To do: The lines to repeat are those below from the one containing "Kappa Delta sorority" down to the one containing "Young couple embracing in a sunny park", both included; reproduce them exactly and nothing else.

━━━━

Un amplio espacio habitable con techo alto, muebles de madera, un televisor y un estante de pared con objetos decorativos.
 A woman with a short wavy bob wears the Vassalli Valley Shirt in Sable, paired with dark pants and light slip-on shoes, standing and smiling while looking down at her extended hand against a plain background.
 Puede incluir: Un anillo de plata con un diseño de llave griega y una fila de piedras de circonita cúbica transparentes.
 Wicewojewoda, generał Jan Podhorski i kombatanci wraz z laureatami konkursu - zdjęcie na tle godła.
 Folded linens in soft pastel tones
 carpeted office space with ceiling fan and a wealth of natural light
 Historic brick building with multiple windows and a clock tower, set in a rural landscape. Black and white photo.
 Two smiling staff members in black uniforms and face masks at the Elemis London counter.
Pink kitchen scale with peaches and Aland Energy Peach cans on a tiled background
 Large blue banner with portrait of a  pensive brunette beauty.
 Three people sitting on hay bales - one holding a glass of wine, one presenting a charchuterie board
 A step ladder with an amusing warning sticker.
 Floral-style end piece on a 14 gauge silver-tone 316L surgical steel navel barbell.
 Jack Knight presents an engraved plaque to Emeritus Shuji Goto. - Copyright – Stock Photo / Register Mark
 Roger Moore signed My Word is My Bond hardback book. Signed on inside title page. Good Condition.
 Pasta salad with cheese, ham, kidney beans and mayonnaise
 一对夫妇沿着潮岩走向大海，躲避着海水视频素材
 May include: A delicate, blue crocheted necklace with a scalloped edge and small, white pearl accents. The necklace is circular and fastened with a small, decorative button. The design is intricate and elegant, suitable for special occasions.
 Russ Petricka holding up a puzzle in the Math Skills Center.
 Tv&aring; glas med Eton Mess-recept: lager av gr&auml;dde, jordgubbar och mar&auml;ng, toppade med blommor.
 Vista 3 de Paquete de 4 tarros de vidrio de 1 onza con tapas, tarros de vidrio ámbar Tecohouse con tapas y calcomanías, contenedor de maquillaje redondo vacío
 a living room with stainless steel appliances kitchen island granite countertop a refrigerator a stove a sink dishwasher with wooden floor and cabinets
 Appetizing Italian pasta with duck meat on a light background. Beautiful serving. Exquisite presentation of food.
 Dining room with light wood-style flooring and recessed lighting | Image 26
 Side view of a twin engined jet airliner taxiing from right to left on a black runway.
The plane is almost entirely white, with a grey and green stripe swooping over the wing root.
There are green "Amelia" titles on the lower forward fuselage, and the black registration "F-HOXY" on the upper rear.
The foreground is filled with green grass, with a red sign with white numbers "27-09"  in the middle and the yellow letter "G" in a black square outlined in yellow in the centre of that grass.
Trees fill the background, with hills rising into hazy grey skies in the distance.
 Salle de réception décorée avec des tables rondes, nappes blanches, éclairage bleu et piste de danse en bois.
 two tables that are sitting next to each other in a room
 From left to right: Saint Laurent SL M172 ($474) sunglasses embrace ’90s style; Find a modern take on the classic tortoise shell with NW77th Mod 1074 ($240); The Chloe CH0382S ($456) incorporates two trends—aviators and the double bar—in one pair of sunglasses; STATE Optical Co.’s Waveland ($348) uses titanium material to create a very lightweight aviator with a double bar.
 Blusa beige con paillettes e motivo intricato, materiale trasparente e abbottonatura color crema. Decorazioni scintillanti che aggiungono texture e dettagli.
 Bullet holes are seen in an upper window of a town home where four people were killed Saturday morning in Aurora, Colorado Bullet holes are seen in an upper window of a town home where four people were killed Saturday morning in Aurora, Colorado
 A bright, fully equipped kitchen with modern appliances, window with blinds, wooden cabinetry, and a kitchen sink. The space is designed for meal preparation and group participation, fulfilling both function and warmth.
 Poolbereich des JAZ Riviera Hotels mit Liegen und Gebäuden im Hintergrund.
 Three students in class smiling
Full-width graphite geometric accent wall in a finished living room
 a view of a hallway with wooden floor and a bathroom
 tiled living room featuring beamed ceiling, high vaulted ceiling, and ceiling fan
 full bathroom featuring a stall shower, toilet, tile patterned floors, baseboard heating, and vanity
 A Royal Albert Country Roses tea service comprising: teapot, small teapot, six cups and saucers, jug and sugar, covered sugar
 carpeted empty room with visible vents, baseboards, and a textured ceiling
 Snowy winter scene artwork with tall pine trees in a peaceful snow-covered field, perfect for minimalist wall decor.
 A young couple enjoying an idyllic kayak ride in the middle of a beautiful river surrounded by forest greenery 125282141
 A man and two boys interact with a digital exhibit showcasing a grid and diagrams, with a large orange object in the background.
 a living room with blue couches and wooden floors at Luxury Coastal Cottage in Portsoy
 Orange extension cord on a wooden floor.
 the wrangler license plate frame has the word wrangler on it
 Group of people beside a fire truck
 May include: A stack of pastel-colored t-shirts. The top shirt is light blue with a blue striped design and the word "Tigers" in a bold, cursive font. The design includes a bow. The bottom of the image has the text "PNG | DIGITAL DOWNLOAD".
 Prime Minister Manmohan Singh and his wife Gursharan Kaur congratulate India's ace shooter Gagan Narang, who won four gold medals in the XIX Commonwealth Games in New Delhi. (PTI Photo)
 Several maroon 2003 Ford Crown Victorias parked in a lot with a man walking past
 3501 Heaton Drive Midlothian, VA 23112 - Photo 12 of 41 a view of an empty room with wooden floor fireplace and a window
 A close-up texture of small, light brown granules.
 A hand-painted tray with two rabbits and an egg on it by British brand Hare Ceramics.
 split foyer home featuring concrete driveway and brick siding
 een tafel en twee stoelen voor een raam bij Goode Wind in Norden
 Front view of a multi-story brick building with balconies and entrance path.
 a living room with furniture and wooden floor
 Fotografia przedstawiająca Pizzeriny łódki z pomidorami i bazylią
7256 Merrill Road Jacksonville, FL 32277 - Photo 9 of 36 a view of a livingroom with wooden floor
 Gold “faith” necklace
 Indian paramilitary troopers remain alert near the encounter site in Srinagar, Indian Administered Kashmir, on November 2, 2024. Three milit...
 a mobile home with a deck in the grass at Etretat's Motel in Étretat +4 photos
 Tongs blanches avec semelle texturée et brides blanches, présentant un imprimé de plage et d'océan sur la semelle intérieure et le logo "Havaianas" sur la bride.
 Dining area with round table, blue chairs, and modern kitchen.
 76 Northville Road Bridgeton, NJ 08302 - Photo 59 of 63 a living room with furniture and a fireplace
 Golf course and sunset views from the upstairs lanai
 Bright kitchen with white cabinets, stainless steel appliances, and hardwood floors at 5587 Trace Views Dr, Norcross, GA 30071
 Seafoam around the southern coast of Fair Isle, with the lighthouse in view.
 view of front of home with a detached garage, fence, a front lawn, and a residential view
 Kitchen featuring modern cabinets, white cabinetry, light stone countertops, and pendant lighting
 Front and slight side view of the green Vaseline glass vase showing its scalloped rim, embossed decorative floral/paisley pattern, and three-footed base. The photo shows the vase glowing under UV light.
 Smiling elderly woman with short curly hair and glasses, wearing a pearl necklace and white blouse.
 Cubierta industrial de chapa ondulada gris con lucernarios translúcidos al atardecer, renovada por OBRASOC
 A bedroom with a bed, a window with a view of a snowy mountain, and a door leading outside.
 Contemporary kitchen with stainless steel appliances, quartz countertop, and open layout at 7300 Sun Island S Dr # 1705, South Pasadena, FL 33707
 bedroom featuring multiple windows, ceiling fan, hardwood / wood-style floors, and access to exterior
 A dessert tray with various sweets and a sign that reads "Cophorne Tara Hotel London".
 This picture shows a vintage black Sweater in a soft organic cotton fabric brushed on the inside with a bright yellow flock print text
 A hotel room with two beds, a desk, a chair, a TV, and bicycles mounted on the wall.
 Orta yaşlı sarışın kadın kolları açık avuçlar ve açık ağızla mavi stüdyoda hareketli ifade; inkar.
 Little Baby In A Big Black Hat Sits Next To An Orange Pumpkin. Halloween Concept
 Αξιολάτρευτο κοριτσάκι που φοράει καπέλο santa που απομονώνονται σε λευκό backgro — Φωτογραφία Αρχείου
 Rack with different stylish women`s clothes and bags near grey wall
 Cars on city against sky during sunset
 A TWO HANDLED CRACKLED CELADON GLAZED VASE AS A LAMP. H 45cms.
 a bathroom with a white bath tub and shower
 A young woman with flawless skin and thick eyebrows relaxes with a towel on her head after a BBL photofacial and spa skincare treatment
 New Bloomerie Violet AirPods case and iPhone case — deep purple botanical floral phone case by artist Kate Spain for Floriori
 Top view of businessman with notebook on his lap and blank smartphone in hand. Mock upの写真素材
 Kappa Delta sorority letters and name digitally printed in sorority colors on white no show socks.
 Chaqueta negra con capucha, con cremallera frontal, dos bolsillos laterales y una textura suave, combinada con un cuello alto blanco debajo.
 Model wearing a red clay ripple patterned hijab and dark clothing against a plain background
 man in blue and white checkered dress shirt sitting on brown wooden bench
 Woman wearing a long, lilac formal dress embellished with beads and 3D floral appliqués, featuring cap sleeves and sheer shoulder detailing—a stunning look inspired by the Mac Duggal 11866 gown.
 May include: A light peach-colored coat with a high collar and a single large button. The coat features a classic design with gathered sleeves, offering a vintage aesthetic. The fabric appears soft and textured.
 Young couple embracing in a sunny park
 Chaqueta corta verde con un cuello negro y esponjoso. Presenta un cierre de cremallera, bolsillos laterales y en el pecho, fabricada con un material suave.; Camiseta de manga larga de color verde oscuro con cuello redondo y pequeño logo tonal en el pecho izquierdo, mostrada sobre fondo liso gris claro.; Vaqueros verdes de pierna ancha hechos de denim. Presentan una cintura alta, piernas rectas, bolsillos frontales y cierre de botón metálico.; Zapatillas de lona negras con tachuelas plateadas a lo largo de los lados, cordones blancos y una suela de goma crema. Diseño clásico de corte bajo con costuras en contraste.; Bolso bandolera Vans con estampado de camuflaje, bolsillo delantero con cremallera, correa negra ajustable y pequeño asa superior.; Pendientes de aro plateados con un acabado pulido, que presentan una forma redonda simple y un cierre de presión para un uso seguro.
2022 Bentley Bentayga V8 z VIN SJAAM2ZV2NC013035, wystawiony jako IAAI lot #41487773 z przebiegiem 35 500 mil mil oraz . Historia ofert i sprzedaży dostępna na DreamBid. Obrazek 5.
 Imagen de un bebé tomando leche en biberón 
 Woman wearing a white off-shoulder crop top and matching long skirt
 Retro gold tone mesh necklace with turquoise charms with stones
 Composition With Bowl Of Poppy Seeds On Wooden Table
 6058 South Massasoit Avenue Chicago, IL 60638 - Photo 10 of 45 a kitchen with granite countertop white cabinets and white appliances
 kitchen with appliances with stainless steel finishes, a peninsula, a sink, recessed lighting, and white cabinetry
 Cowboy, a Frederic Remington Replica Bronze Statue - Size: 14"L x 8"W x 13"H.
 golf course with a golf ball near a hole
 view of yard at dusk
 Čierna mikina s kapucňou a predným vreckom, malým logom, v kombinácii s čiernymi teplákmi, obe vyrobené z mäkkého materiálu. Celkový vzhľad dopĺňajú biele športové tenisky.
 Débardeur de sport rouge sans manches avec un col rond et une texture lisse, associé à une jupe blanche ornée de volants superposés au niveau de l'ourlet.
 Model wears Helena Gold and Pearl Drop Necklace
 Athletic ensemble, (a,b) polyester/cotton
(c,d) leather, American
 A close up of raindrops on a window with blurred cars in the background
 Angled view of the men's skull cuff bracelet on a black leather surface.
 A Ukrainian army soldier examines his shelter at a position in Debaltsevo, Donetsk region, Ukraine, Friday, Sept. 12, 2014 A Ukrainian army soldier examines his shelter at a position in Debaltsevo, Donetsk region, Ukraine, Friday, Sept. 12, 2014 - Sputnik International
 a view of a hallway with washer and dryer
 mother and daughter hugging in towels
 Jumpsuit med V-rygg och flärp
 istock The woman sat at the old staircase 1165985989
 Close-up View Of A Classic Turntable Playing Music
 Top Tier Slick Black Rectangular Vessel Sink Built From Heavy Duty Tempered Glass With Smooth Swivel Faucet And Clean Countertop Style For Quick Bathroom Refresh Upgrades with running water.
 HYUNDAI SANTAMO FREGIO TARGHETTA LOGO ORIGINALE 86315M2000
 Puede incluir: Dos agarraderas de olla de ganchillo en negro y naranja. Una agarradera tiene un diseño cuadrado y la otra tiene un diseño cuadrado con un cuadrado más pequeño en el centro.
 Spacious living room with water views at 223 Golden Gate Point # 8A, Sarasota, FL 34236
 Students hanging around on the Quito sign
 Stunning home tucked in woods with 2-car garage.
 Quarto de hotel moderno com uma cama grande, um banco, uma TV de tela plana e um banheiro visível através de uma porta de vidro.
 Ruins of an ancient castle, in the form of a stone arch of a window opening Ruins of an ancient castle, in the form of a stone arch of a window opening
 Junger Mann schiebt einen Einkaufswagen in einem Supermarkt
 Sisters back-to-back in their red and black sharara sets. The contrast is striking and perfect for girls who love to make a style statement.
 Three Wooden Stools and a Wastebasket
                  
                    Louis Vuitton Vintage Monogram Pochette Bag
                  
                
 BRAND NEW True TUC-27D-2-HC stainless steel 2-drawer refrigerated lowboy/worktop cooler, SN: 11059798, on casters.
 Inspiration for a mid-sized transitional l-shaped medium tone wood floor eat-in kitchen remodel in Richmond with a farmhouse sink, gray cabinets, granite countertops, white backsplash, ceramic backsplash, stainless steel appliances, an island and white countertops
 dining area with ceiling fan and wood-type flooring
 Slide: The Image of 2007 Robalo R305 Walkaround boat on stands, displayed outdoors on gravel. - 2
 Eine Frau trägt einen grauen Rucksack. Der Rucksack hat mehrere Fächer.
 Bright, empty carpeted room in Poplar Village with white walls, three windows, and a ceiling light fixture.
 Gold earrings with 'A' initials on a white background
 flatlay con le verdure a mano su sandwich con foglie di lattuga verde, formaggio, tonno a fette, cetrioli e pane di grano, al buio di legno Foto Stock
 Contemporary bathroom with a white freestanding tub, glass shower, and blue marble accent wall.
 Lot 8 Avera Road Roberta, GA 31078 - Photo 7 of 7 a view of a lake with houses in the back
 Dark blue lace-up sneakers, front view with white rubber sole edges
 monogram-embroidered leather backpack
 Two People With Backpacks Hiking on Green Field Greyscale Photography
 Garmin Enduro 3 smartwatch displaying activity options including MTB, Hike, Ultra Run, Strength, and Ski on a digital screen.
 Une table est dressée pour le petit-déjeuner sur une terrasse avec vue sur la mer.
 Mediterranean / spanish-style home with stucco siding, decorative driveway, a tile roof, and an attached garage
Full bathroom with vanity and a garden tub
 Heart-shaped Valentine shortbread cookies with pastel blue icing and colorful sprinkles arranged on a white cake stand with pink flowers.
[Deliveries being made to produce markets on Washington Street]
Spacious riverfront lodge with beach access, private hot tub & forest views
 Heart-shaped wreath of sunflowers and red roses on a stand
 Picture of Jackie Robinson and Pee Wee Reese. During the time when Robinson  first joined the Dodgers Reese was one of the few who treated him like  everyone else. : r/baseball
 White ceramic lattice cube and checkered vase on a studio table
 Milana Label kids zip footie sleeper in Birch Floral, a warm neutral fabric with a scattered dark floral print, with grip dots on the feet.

━━━━

Expected answer:
 Kappa Delta sorority letters and name digitally printed in sorority colors on white no show socks.
 Chaqueta negra con capucha, con cremallera frontal, dos bolsillos laterales y una textura suave, combinada con un cuello alto blanco debajo.
 Model wearing a red clay ripple patterned hijab and dark clothing against a plain background
 man in blue and white checkered dress shirt sitting on brown wooden bench
 Woman wearing a long, lilac formal dress embellished with beads and 3D floral appliqués, featuring cap sleeves and sheer shoulder detailing—a stunning look inspired by the Mac Duggal 11866 gown.
 May include: A light peach-colored coat with a high collar and a single large button. The coat features a classic design with gathered sleeves, offering a vintage aesthetic. The fabric appears soft and textured.
 Young couple embracing in a sunny park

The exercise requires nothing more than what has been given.